Problem details
Copy, pictures aside: the lines below from the one that holds "Vintage Gold Flower" through the final line of the listing, both ends included, exactly as they are and nothing else.

Supplied information
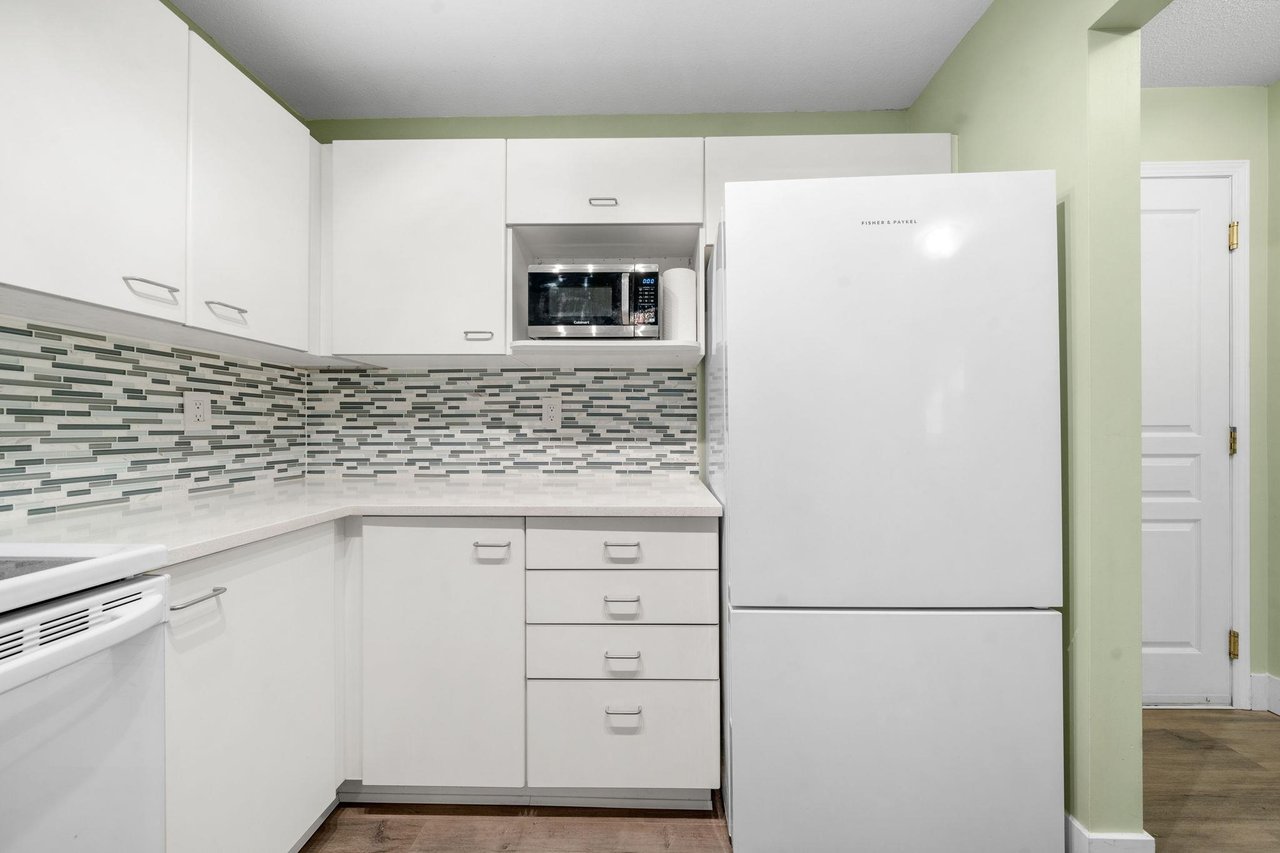 432-1252 Town Centre Blvd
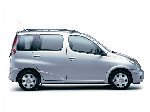 Automobil Toyota Yaris Verso egenskaber, foto 3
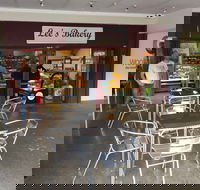 Lee's Bakery - Rental Cars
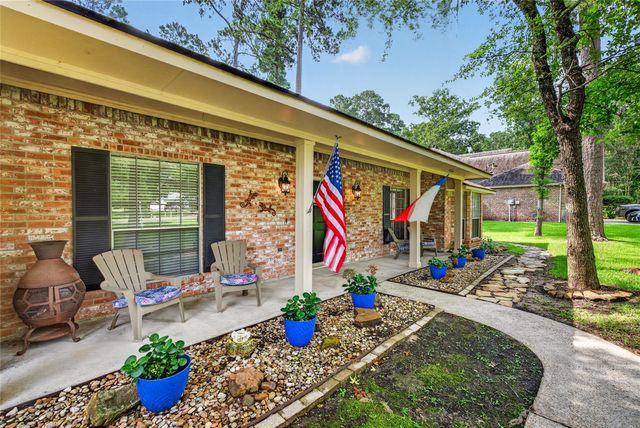 97 Panorama Drive, Panorama Village, TX 77304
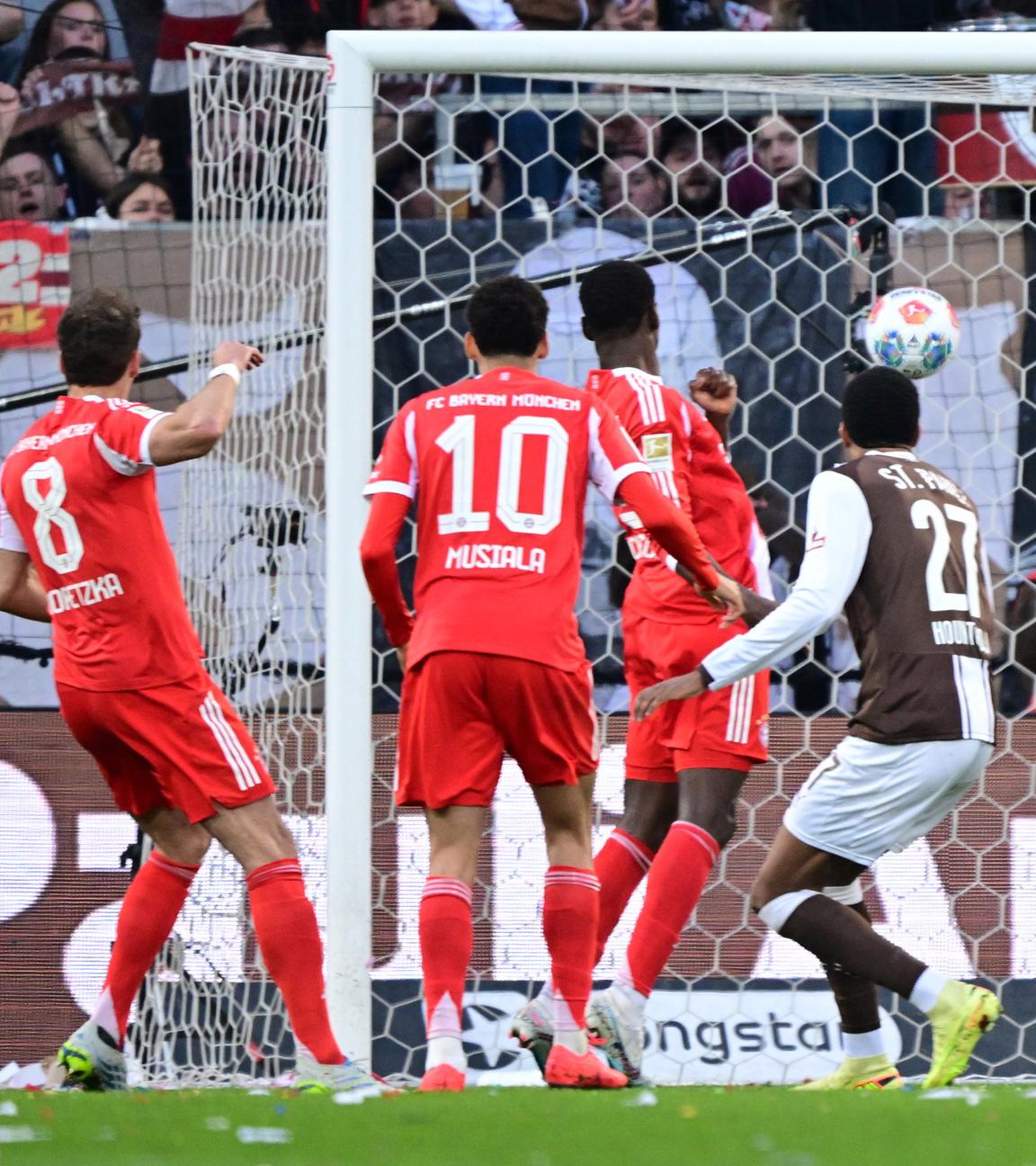 Torschütze Leon Goretzka (Bayern), Jamal Musiala, Nicolas Jackson, Andreas Hountondji, Min-Jae Kim, Torwart Nikola Vasilj (St. Pauli) am 11.04.2026 in Hamburg.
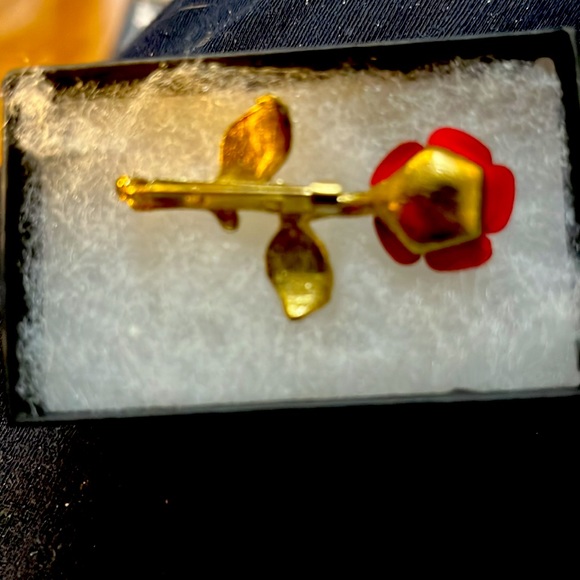 Vintage Gold Flower with a Stunning Rose Pin. - Picture 3 of 6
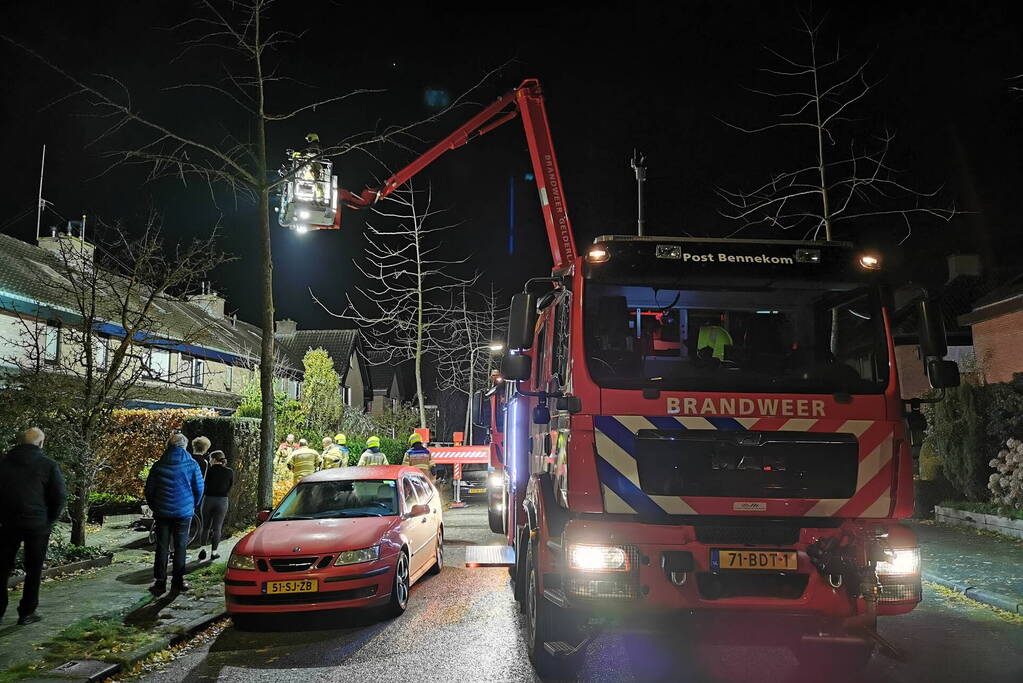 Brand in schoorsteen van woning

Output
 Vintage Gold Flower with a Stunning Rose Pin. - Picture 3 of 6
 Brand in schoorsteen van woning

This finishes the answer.